Some of the best tools out there that you can utilize to accomplish this are Snapchat and Instagram Stories. We need to create a strategy that allows us to get our message across while still remaining true to our brand, but that also piques the interest of and engages our audience.
Rich: Kate Talbot is a writer, marketer, speaker, and entrepreneur who has built an astonishing track record helping brands engage millennials. For this she has been featured on NBC News, CNBC, Venturebeat, Huff Post, and TechCrunch. An expert in social media and content marketing, she’s built a successful global digital campaigns for big names like Virgin America and Teva, among others.
She wrote a #1 Amazon bestselling book, Oh Snap, to educate the masses on how to use Snapchat for business. Currently she’s a growth marketing consultant for early stage startups in Silicon Valley. Very cool. Kate, welcome to the show.
Kate: Thank you so much for having me.
Rich: I explained to Kate before we got on the phone that I am still suffering from a head cold so I’m just going to make mistakes and she’s going ok with it she said. She did say that she might make fun of me. No, she didn’t say that, she’s very nice, not like me at all.
Alright, so Kate, before when we were chatting you used a phrase that I absolutely just loved and you said “ephemeral storytelling”. Can you explain what you mean by “ephemeral storytelling”?
Kate: Yeah, definitely. I think the way that we look at social media nowadays, whether that’s Snapchat or Instagram Stories, it’s all about content coming and then going away, and I just feel like that’s the future. So with ephemeral storytelling it’s how are you capturing your audience with quick bites and make them remember you. But also it doesn’t have that kind of perfect feel that an Instagram or a Facebook post would have.
Rich: So I’m going to treat you like a hostile witness for a moment. Not really, but there’s part of me – and this is maybe me being old school – is why should I care about ephemeral storytelling? I come from an SEO background so every molecule in my body wants my content to stick around forever. I put all this energy into telling an Instagram Story and then 24 hours later nobody can find it. Tell me why I need to rethink this.

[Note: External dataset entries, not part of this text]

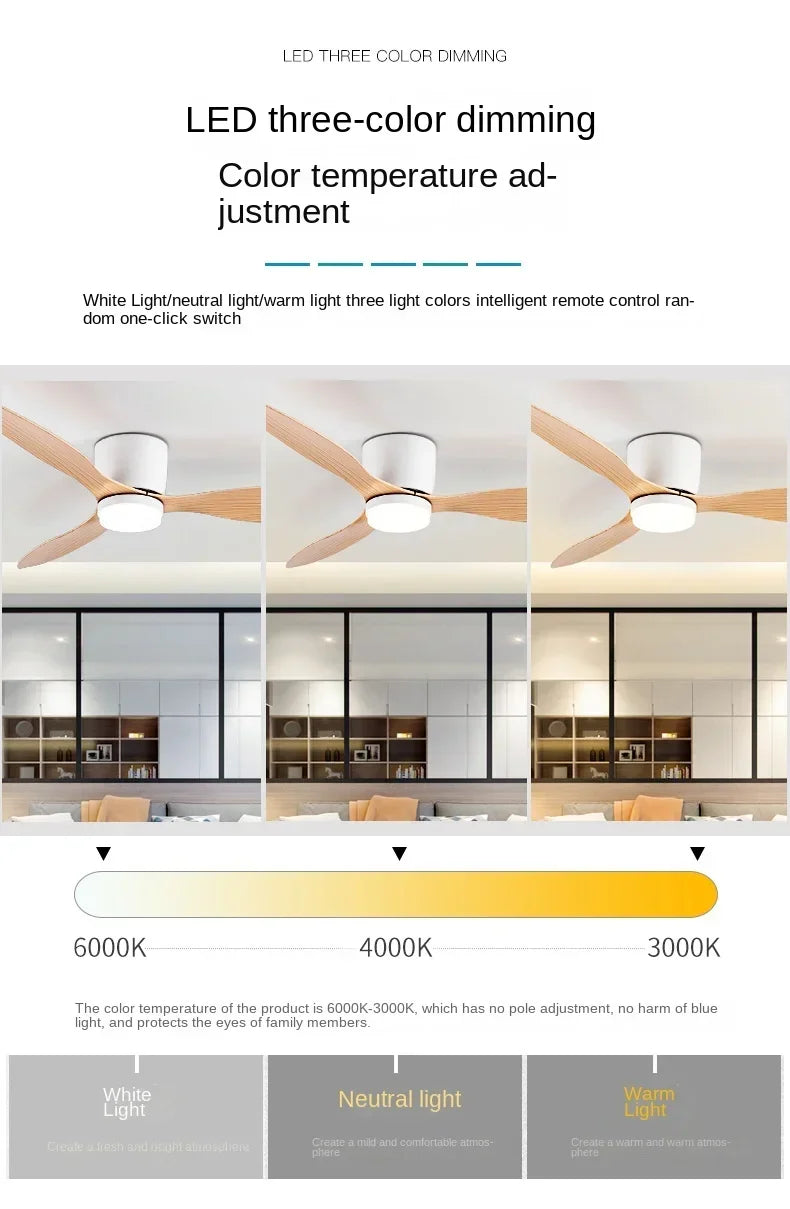 Modern LED Ceiling Fan Light – Stylish Efficiency for Your Home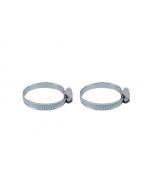 Colliers de serrage galvanisés 32-50mm 2 pcs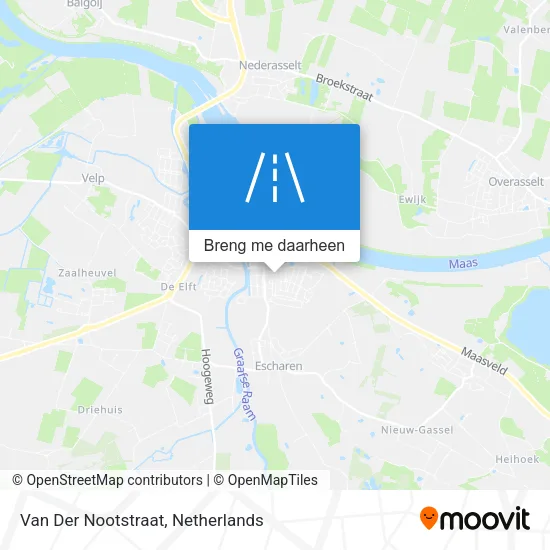 Van Der Nootstraat kaart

Kate: Yeah, I mean there are definitely so many different components to your marketing mix. So of course SEO is super important, but as other things are within marketing, this is important because people have such quick attention spans nowadays. Now they have 6 second NFL commercials so people really aren’t reading those longform articles that help you out with SEO and they’re really just looking at their Instagram while they’re riding the bus or just looking at Snapchat while they’re waiting in line. So you’re really getting their attention right then and there and it’s a long term gain. One story isn’t going to do it, you’ve got to do it daily, weekly, or whatnot, and that’ show people are going to remember you. And just keep doing the SEO in the long form to get those Google results, but I just think it’s part of the marketing mix and the way that people are digesting content in the 21st century.
Rich: Ok. So I know that you’re kind of an expert when it comes to reaching millennials, how do we use this ephemeral storytelling to reach millennials? Walk me through the process.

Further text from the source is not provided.